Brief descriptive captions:
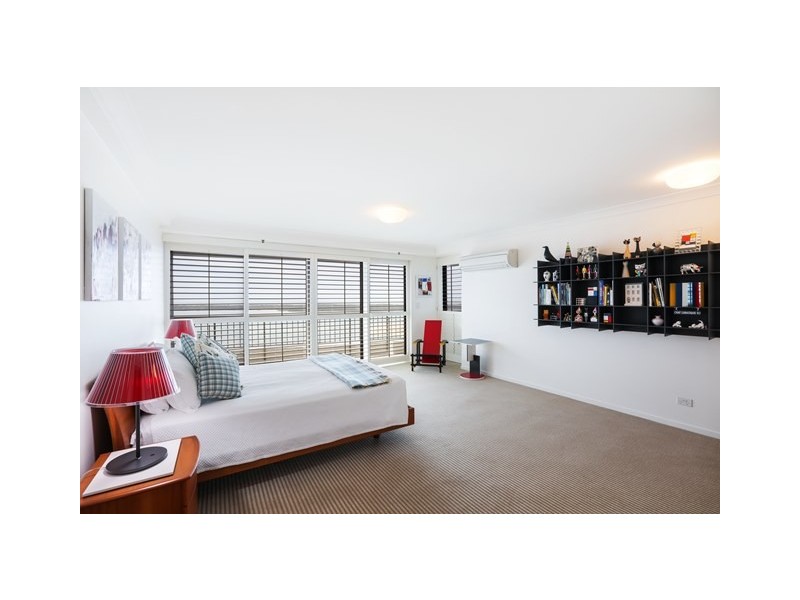 82/17 ‘Broadwater Tower’ Bayview Street, Runaway Bay QLD 4216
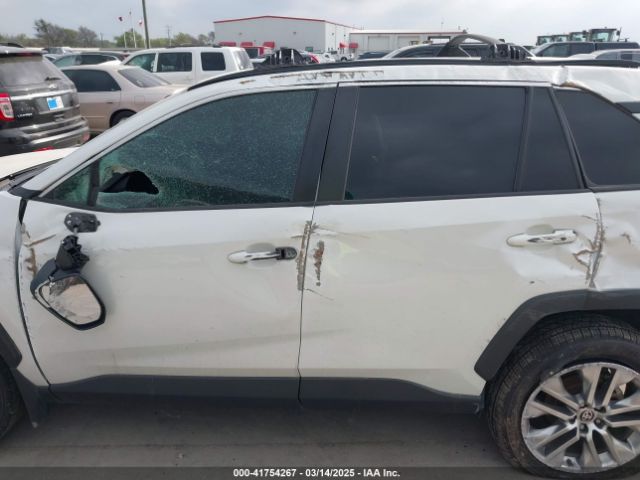 2T3C1RFV8MW136458 Toyota Rav4 Xle Premium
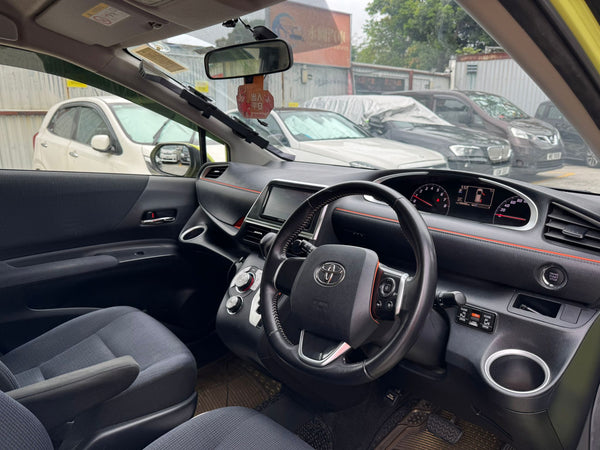 Toyota Sienta 2016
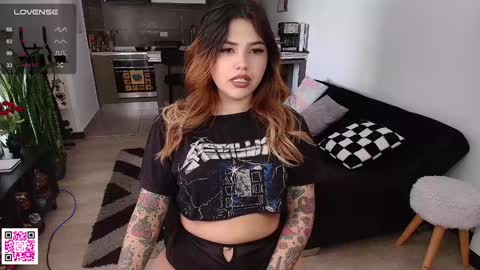 Snapshot of whites_emma chatting on 10, 1, 2025 EMMA online show from 10, 1, 2025
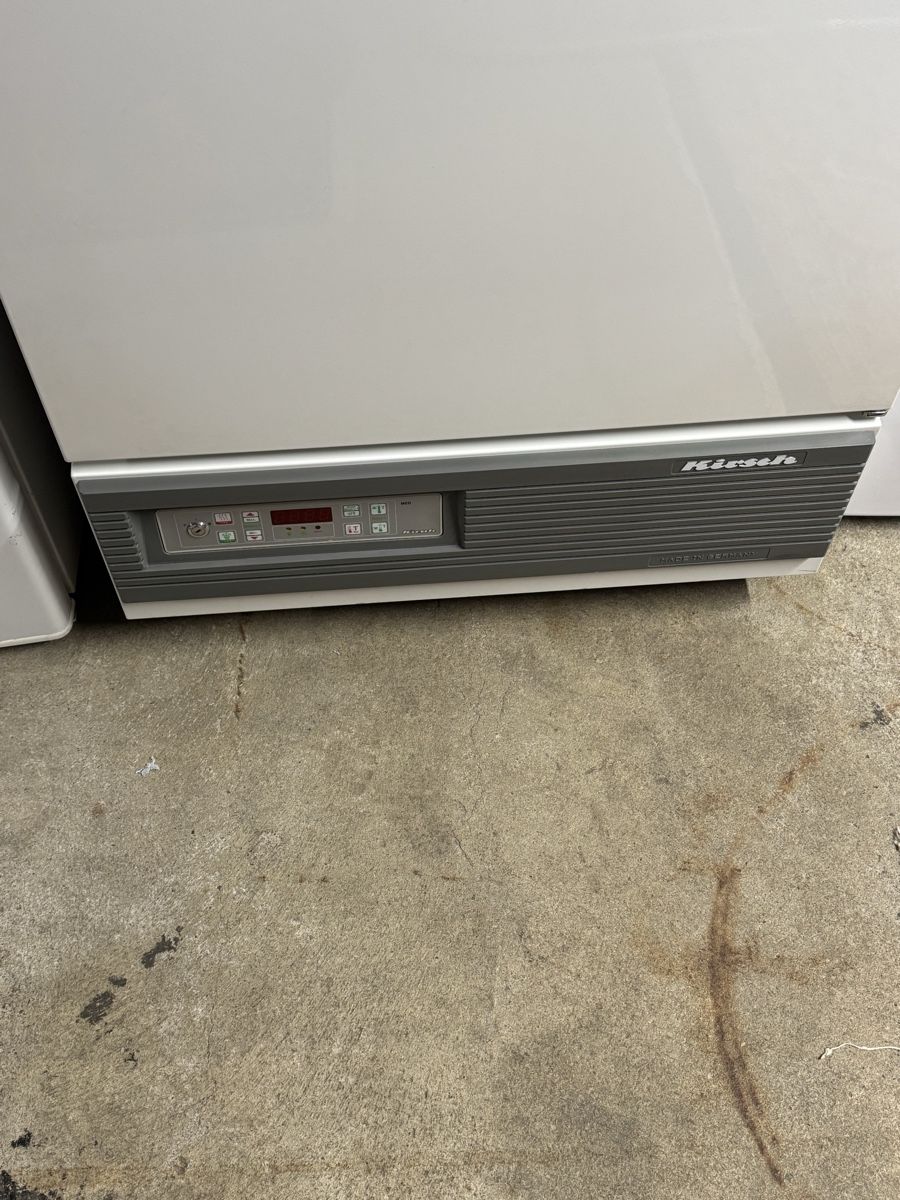 Réfrigérateurs: Labor Kühlschrank (Kirsch) Nr 9 – D'occasion à Dübendorf par Brocki_West 1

◆ Your task: The required output is the lines from the one containing "Toyota Sienta 2016" through the end of the data, printed exactly, with no pictures.

◆ Written solution:
 Toyota Sienta 2016
 Snapshot of whites_emma chatting on 10, 1, 2025 EMMA online show from 10, 1, 2025
 Réfrigérateurs: Labor Kühlschrank (Kirsch) Nr 9 – D'occasion à Dübendorf par Brocki_West 1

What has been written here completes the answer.